[Items from a data source]
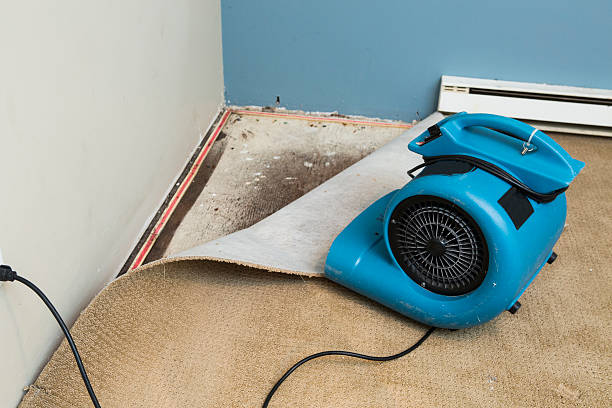 Professional Water damage restoration in Leawood, KS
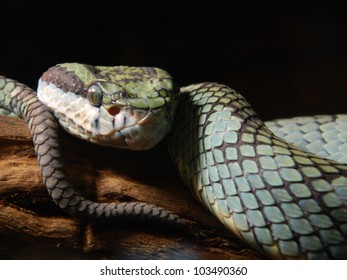 Sri Lanka Pit Viper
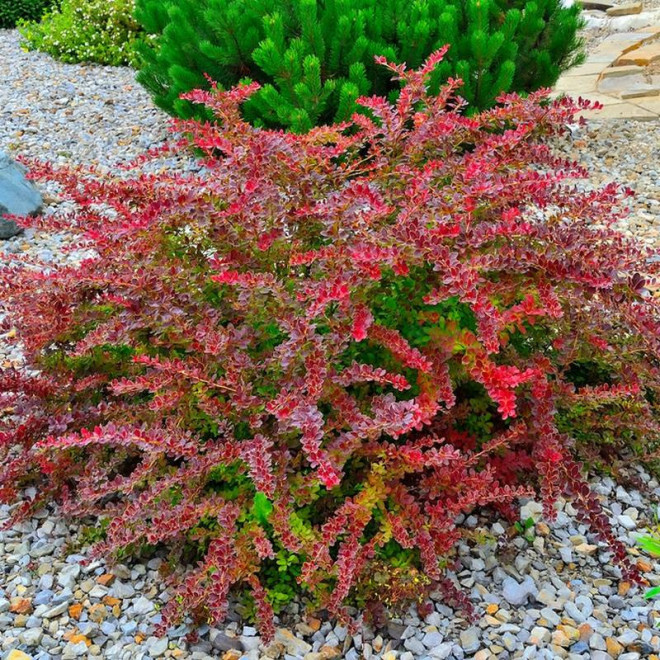 Berberys Thunberga Golden Ring Berberis thunbergii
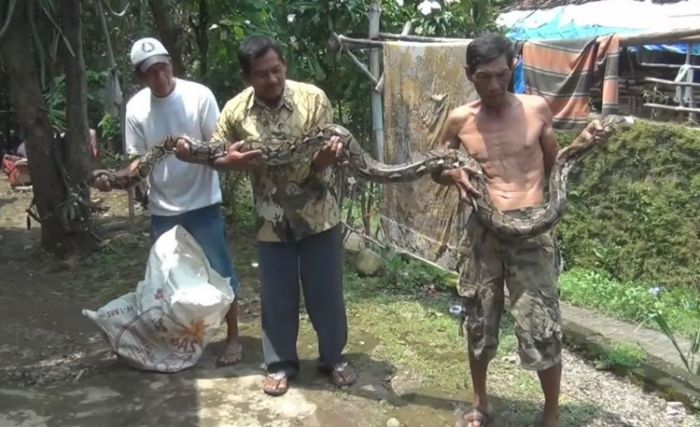 Geger, Ular Piton Berukuran Besar Berhasil Ditangkap Warga Mojokerto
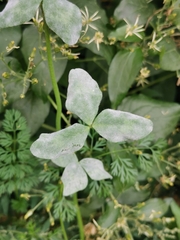 Erysiphe trifoliorum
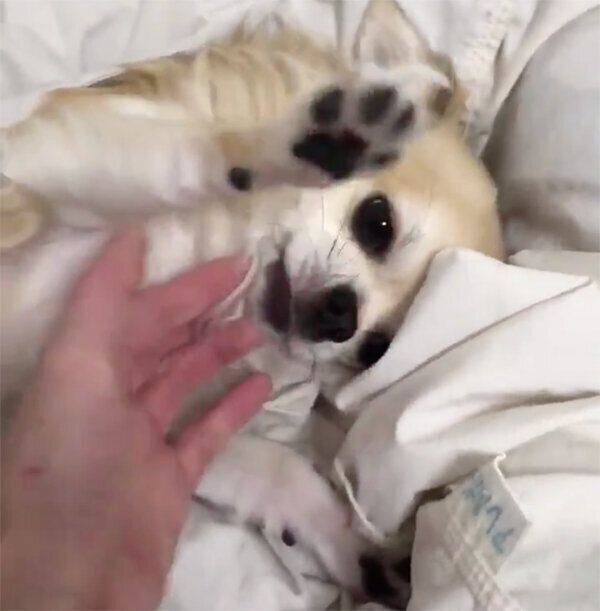 飼い主さんの帰宅を歓迎するちくわくん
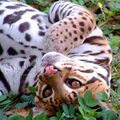 Ocelot Leopardus pardalis.jpg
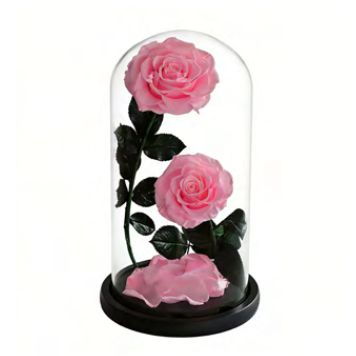 Feuillazur Rungis Duo sous cloche roses stabilisées rouge 17x32 cm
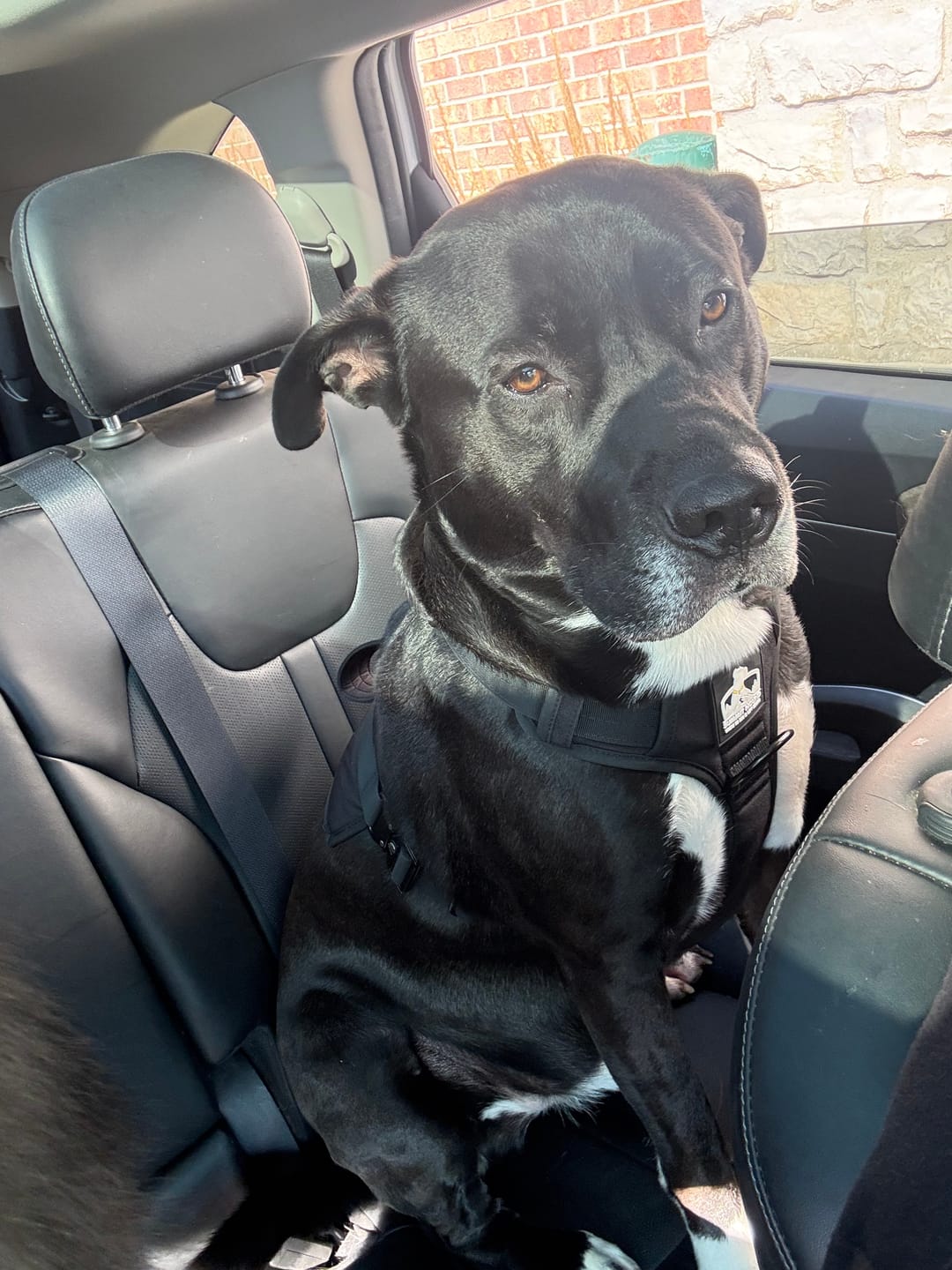 Customer photo review of No Pull Bully Proof Harness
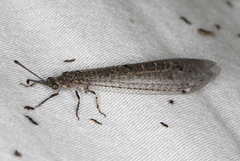 Bandidus vafer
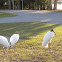 Wood Stork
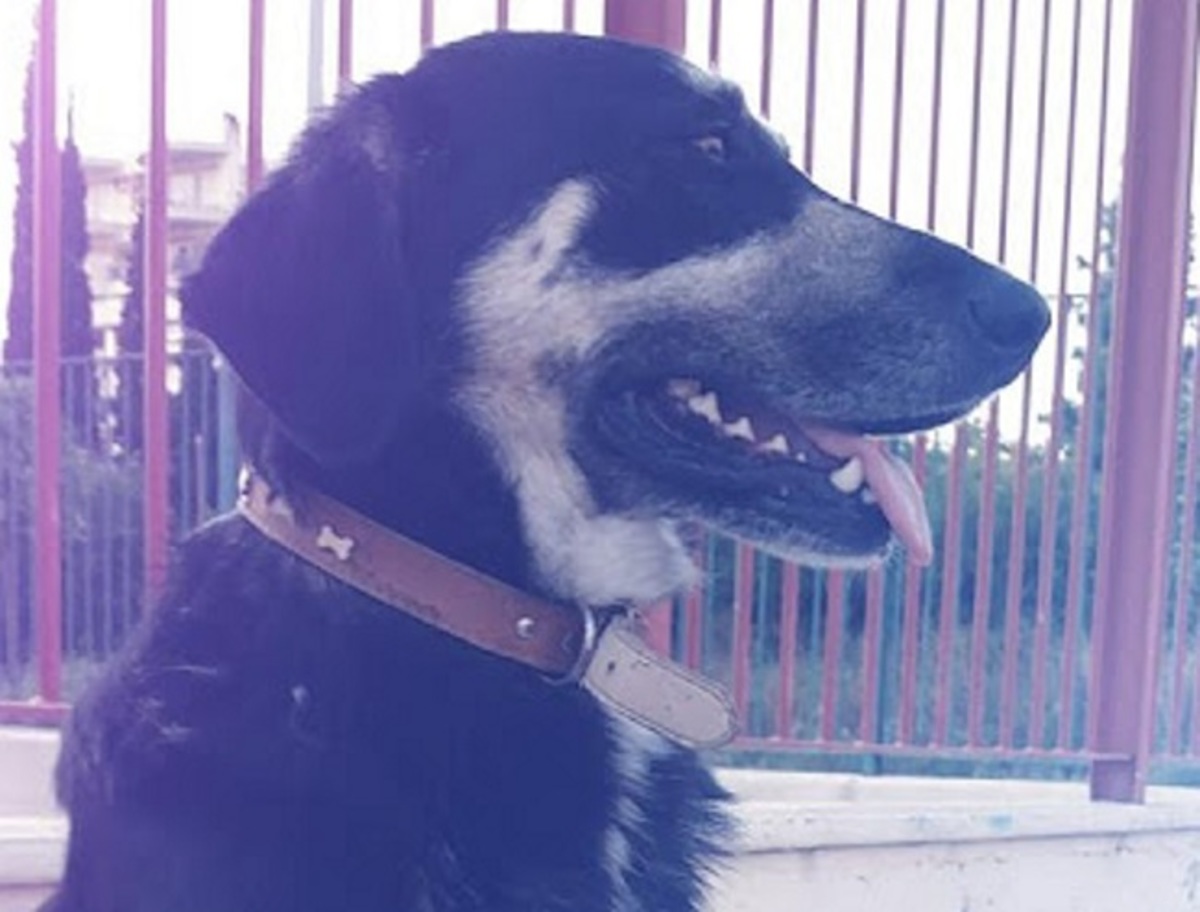 Χαλκίδα: Η ανάρτηση της δασκάλας στο διαδίκτυο για τον σκύλο που έγινε σήμα κατατεθέν του σχολείου της [pics]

#### Required action:
Please reproduce exactly, and nothing more, the lines from the one containing "Customer photo review" through the last line of the entries, both included; pictures stay out.

#### Result for this task:
 Customer photo review of No Pull Bully Proof Harness
 Bandidus vafer
 Wood Stork
 Χαλκίδα: Η ανάρτηση της δασκάλας στο διαδίκτυο για τον σκύλο που έγινε σήμα κατατεθέν του σχολείου της [pics]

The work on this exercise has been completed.